Task input =>
-- Opening Marker --

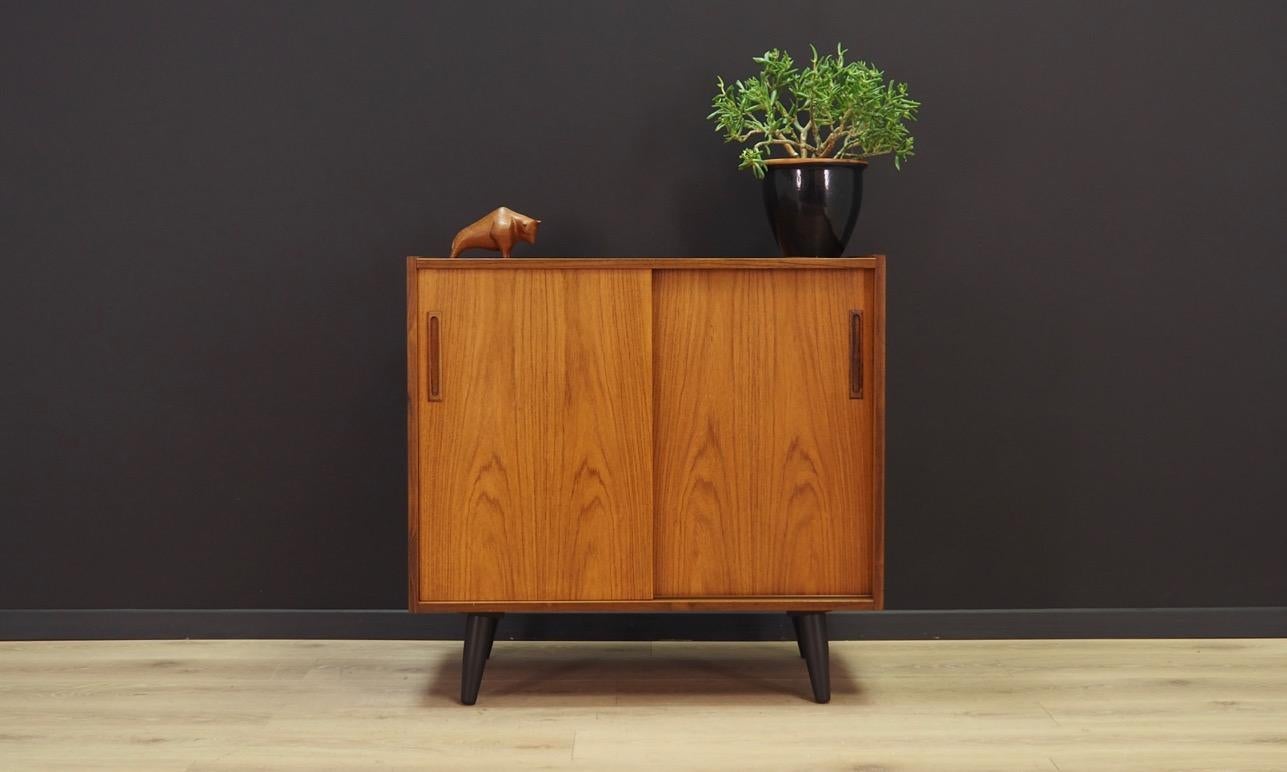 Fantastic cabinet from the 1960s-1970s. Scandinavian design, Minimalist form. Surface of the furniture finished with rosewood veneer. Shelf behind a sliding doors. Maintained in good condition (minor bruises and scratches), directly for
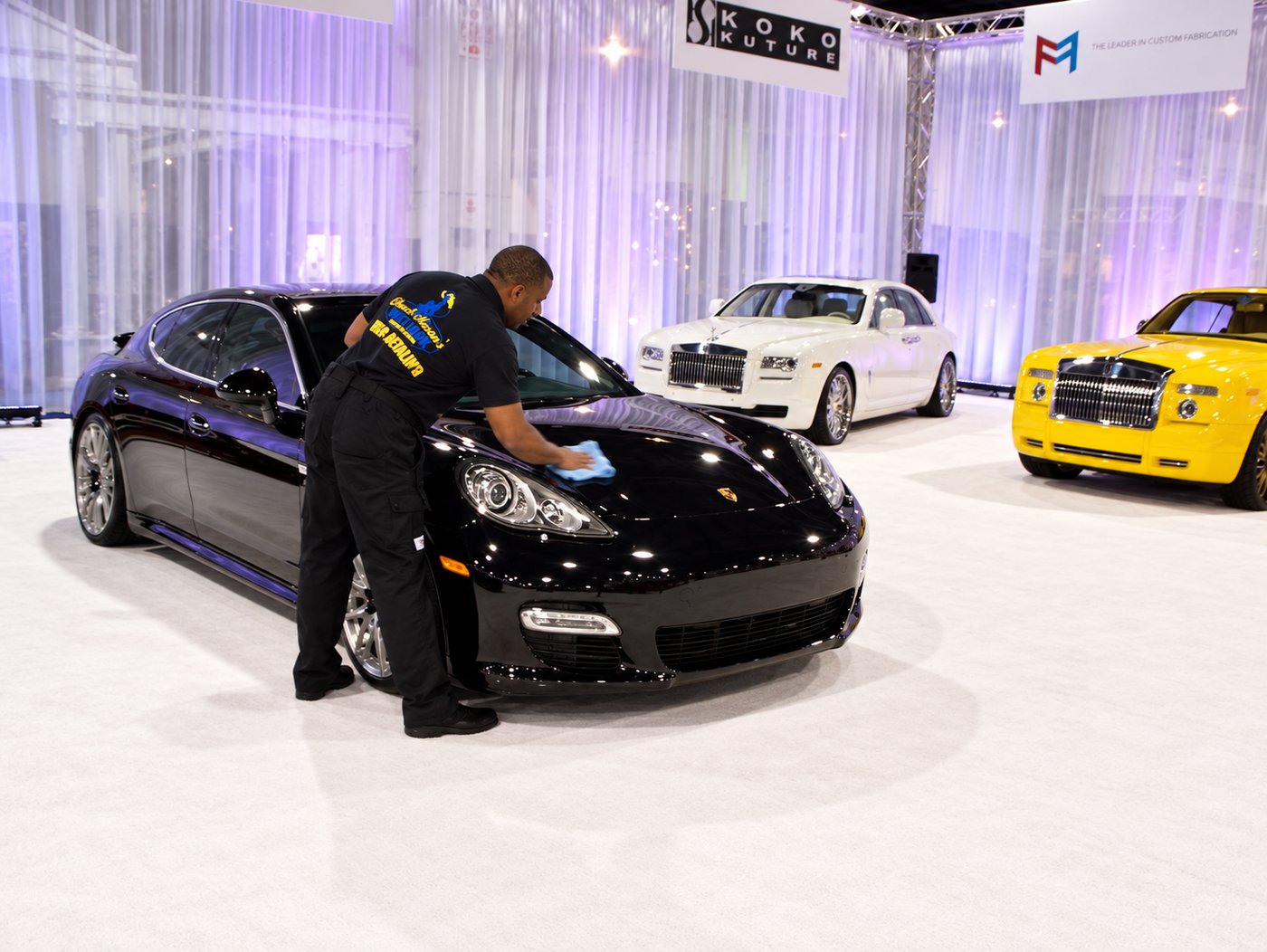 Chuck Mason drying the hood of a black sedan on a show floor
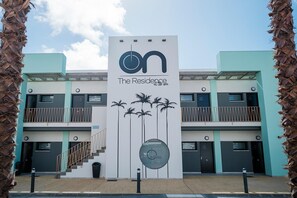 A building with a sign that reads 'on The Residence at the sea' and palm trees on the facade. - ON The Residence (Almonte)
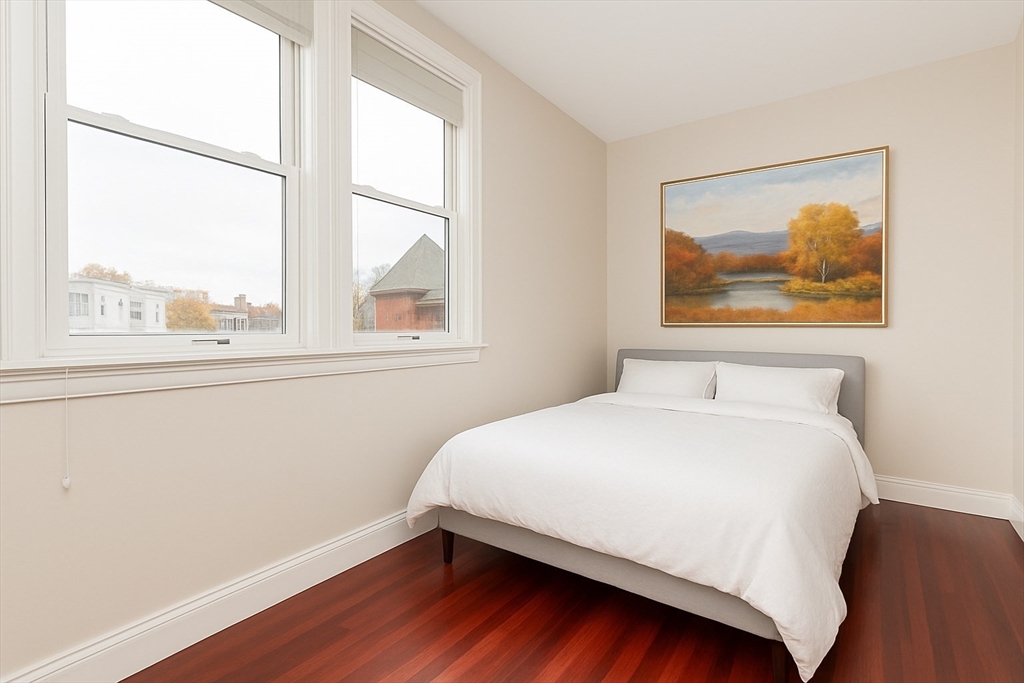 55 Kelly Road, Unit 3 Cambridge, MA 02139 - Photo 2 of 10 a bedroom with a bed and a window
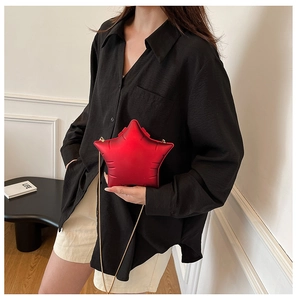 Detail of red star-shaped crossbody bag with gold chain strap on model's black shirt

-- Closing Marker --

Aim of the exercise => Set down every line above exactly, pictures excluded.

Written response =>
 Fantastic cabinet from the 1960s-1970s. Scandinavian design, Minimalist form. Surface of the furniture finished with rosewood veneer. Shelf behind a sliding doors. Maintained in good condition (minor bruises and scratches), directly for
 Chuck Mason drying the hood of a black sedan on a show floor
 A building with a sign that reads 'on The Residence at the sea' and palm trees on the facade. - ON The Residence (Almonte)
 55 Kelly Road, Unit 3 Cambridge, MA 02139 - Photo 2 of 10 a bedroom with a bed and a window
 Detail of red star-shaped crossbody bag with gold chain strap on model's black shirt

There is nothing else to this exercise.